The inaugural year for the Fern Lingenfelter Concert Series closed with a breath-taking and uplifting recital featuring two master musicians, bass-baritone Simon Estes and pianist Mei-Hsuan Huang on Sunday, March 12th in the McPherson Church of the Brethren on the campus of McPherson College. The Fern Lingenfelter Artist Series is generously funded by Mr. Steve Clark in honor of his mother, Fern Lingenfelter, who was a graduate of and longtime piano teacher at McPherson College. The series funds two annual concerts which musically enrich McPherson College and central Kansas by bringing in some of the top musicians in the world.
Sunday’s concert opened with Mr. Estes singing a set of operatic arias that showcased the breadth of his professional career which began in 1965 with the Deutsche Opera in “Aida”. Since then, Estes has sung more than 100 operatic roles and performed with 115 orchestras and in 84 opera houses world-wide. From his opening note, the mature resonance of his rich, bass-baritone voice filled every inch of the performance hall. The musical mastery that has made him famous world-wide for over five decades was on full display as he captivated the large and enthusiastic audience with his ability to emote the music, flawlessly articulate the Italian and German librettos, and capture the drama of the operatic scenes.
Mr. Estes’ second set featured traditional African-American spirituals which provided the audience an experience of his deeply religious character. Once again his mature, engulfing, deep voice shook the rafters of the hall. And although he sang from a seated position, the audience was lifted out of their seats by the closing song of this set, “Every Time I Feel the Spirit”. As a part of his social mission, Estes supports the United Nations Mosquito Netting Project to save children’s lives from malaria in Africa.

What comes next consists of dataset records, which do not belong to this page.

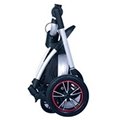 European Style Baby Pram PU Leather Baby Stroller 3 In 1 5
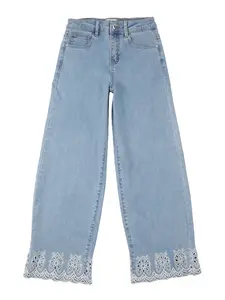 ONLY GIRLS Džínsy  modrá denim / biela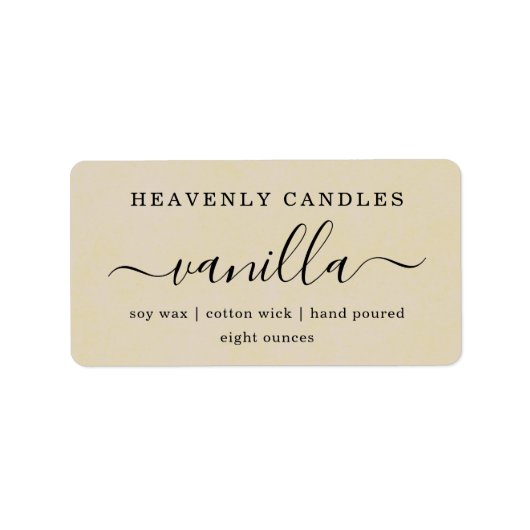 Sticker simple fait maison Étiquettes (Devant)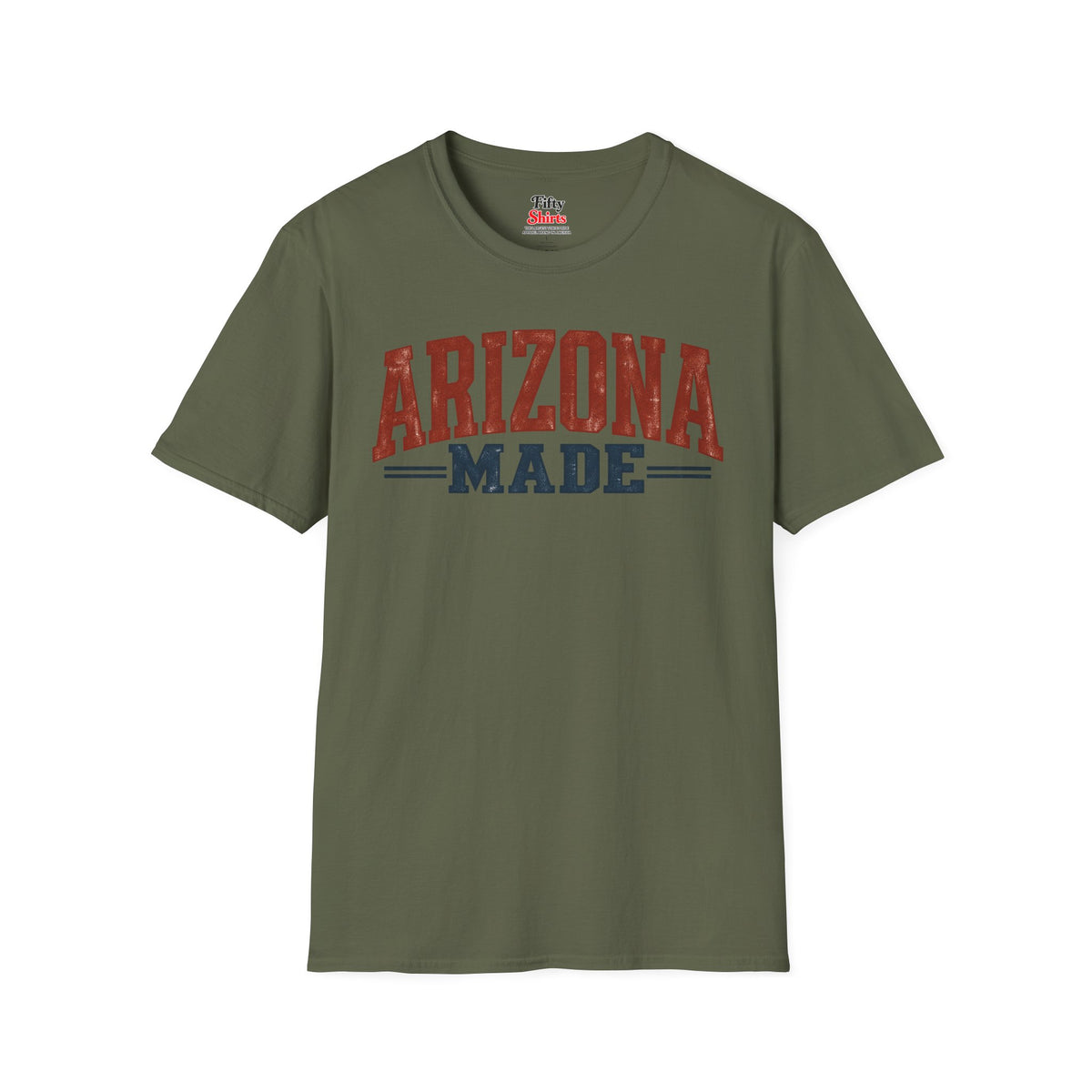 Arizona Made Unisex Softstyle T Shirt State Name Graphic Tee
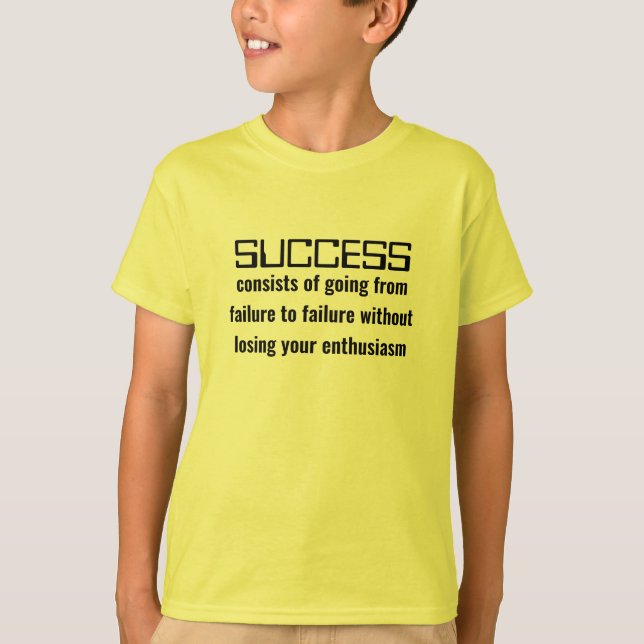 Hipster Inspirational Motivational Success Kids T Shirt (Framsida)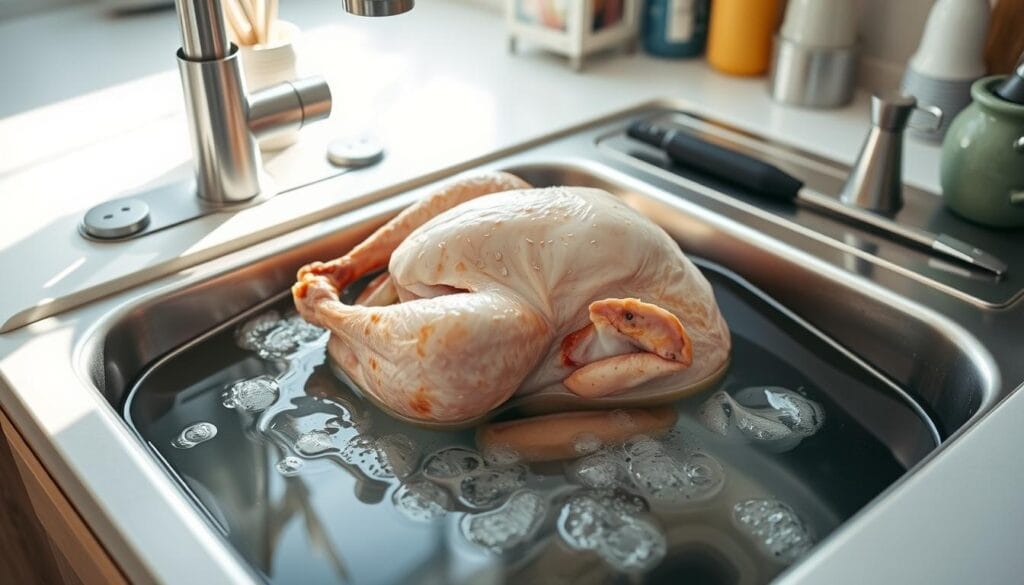 turkey thawing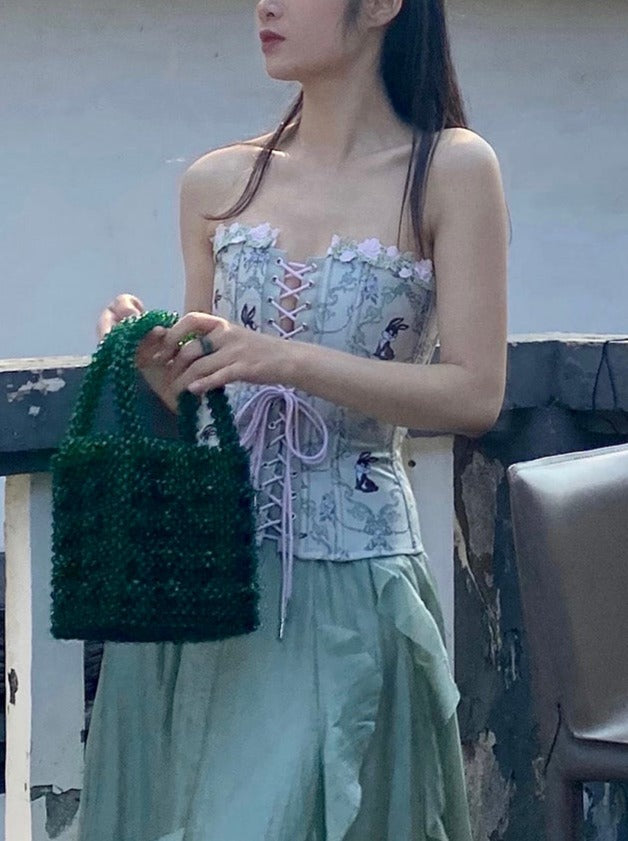 Abril Floral Corset Top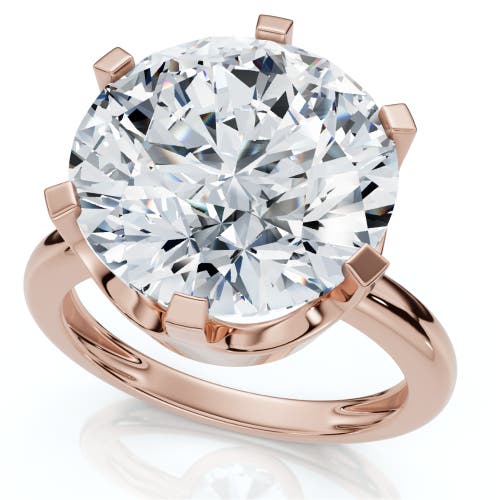 Bliss Diamond Certfied 6ct Diamond Engagement Ring Solitaire 14k Gold Lab Grown In 14k Rose Gold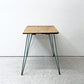 古材天板ｘ鉄脚 ビンテージテーブル LDテーブル ヘアピンレッグ 店舗什器 インダストリアルデザイン ●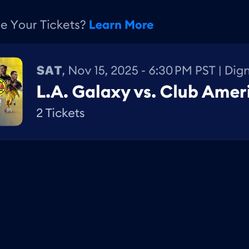 La Galaxy Vs Club America Soccer Game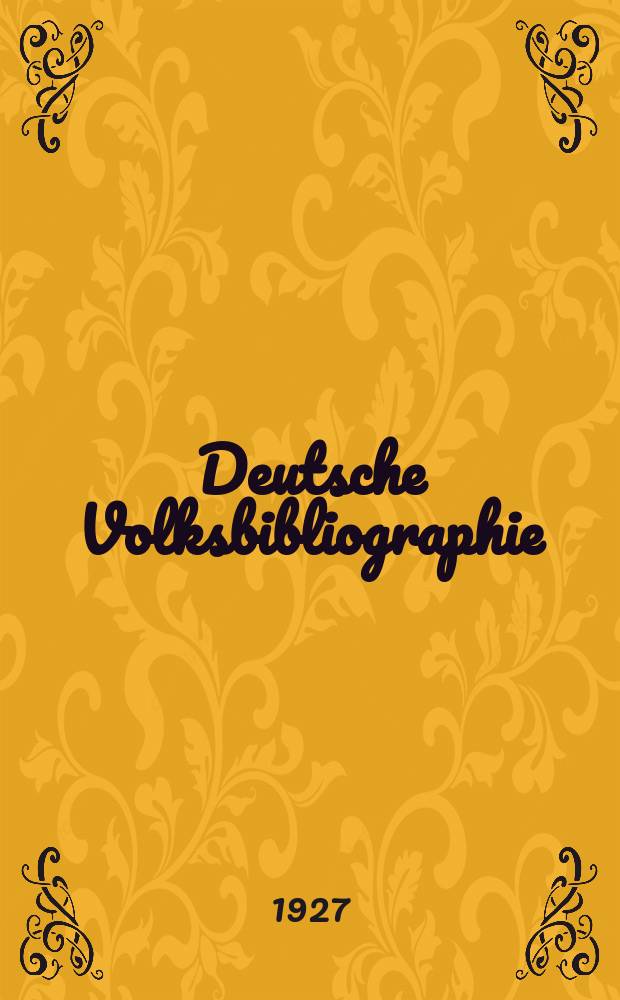 Deutsche Volksbibliographie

His performance for the Lingenfelter Artist Series will also support that mission in lieu of an honorarium. When Estes sang, “He’s Got the Whole World in His Hand” in this set, his personae was on full display as a brilliant musician, deeply religious man and champion for social causes.
Mr. Estes’ final set featured songs from American Musical Theatre and Movies. In this set, the audience was able to gain insight into the personal struggles of Simon Estes, who worked his way through school cleaning windows, sleeping on floors and struggling to buy meals. Considering that just two generations before him slaveholders forced his grandfather into servitude, Estes’ rise to the top of the musical profession is an inspiration to musicians and non-musicians alike. His final song, “Climb Every Mountain”, certainly could have been interpreted as a reflection of his life as well as his challenge to all the members of the audience.
Mr. Estes was accompanied by Mei-Hsuan Huang who is a phenomenal musician in her own right. Ms. Huang is Professor of Piano at Iowa State University and a member of the Amara Piano Quartet. In addition to accompanying Estes, she played three solo selections composed by Frederic Chopin. Her elegant, long fingers danced on the piano and made the technically imposing Chopin pieces sound effortless. And the mastery of her phrasing, choosing what notes to bring out of the thick romantic harmonies and which melodic lines to emphasize, showed great musical maturity which defied her youthful appearance.